The first time I heard of the Paxos algorithm was during my bachelor’s degree way back in 2004, when I participated in a Distributed Algorithms course. In the past few years Paxos came up multiple times, usually in the context of a robust implementation of some scalable storage system. It is almost always uttered in awe, as to say “that unbelievably complex algorithm, the Paxos. Beware!”. I’ve decided to reread the original paper, and try to explain what Paxos does, and how it does it. In a nutshell, Paxos solves the problem of resiliently replicating an increasingly growing (ordered) list of items.
The original Paxos paper discuses the legislative parliament of the island of Paxos. Paxos’ parliament holds its meetings in a chamber with very bad acoustics, so the legislators communicate using messengers. Both the legislators and the messengers are merchants, so they might need to leave the parliament chamber at any point of time. Each legislator can propose a decree to be passed, and if it is passed then it is added to the notebook each legislator keeps.

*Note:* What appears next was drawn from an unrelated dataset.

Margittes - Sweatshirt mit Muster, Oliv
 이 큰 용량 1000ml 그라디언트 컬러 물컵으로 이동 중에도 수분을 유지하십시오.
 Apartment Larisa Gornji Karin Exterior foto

A decree that was passed has an index, i.e., “137: Olive tax is 5% per ton”, which states that decree #137 is “Olive tax is 5% per ton”.
Behind the story of Paxos’ parliament hides a distributed log (sometimes called journal) resilient to node failures and message drops (legislators and messengers leaving the chamber). Paxos processes requests to add items to the log (pass a decree); an item is added at a sequentially increasing index (i.e., item A at index 1, item B at index 2, etc.), and all the nodes participating in the Paxos algorithm will eventually know that each item was added and the index it was added at (the notebook each legislator keeps).
Another way to look at Paxos’ functionality, is by considering a possible API formalization:
- add(item) – tries to add item to the log, and returns the index at which the item was added, or -1 if it wasn’t added
- get(index) – returns the item at the given index, or null if it wasn’t added yet
- an event triggered each time an item is added, providing the item and its index as parameters
Notice that the default implementation of the get(index) operation is eventually consistent; it can be made to be strongly consistent, if additional logic is added. An example of an eventually consistent implementation of Paxos is Google’s HRD.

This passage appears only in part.